Suhu bola basah yang berbahaya (kombinasi suhu, kelembapan, kecepatan angin, sudut matahari, dan tutupan awan) di mana manusia tidak dapat lagi mendinginkan tubuh dengan berkeringat, ini akan segera terjadi, hanya beberapa derajat lagi.
Batas suhu bola basah bagi manusia pertama kali diprediksi sebesar 35 derajat Celsius, namun penelitian terbaru menunjukkan suhu bola basah serendah 30 derajat Celsius dapat mematikan.
Beberapa tempat di Bumi telah mencapai suhu bola basah melebihi 32 derajat Celsius, pada beberapa kesempatan dan model iklim memperkirakan suhu 35 derajat Celsius akan menjadi kejadian biasa di wilayah seperti Timur Tengah pada akhir abad ini.

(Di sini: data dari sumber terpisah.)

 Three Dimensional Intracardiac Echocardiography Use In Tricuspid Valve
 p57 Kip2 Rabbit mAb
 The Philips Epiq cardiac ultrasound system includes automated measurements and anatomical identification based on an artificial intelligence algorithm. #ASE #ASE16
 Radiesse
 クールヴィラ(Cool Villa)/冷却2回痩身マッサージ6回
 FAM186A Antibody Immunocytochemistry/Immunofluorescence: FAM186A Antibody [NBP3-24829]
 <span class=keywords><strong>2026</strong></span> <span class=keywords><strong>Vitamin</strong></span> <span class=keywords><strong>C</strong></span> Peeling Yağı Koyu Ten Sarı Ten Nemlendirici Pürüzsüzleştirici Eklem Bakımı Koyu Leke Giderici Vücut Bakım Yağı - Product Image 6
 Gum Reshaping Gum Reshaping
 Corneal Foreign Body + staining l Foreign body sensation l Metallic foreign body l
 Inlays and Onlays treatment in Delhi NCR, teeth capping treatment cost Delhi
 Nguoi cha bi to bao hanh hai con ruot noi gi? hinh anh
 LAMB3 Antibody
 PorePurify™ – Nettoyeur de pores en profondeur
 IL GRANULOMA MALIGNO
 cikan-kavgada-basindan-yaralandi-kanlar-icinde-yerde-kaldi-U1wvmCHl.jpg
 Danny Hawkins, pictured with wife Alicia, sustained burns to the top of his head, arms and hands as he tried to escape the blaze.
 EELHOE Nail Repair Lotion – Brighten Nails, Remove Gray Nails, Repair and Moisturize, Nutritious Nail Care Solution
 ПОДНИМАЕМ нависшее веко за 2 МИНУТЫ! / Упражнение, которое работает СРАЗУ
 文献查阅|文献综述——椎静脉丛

Pada suhu tersebut, hewan yang berkeringat pada dasarnya akan ‘matang’ dalam cuaca panas. Intinya, gas rumah kaca yang kita miliki telah mengancam kehidupan dan masyarakat di Bumi jauh sebelum matahari mati. “Jika kita berbicara tentang kehidupan manusia, 100 tahun ke depan akan menjadi hal yang menarik,” kata Kopparapu.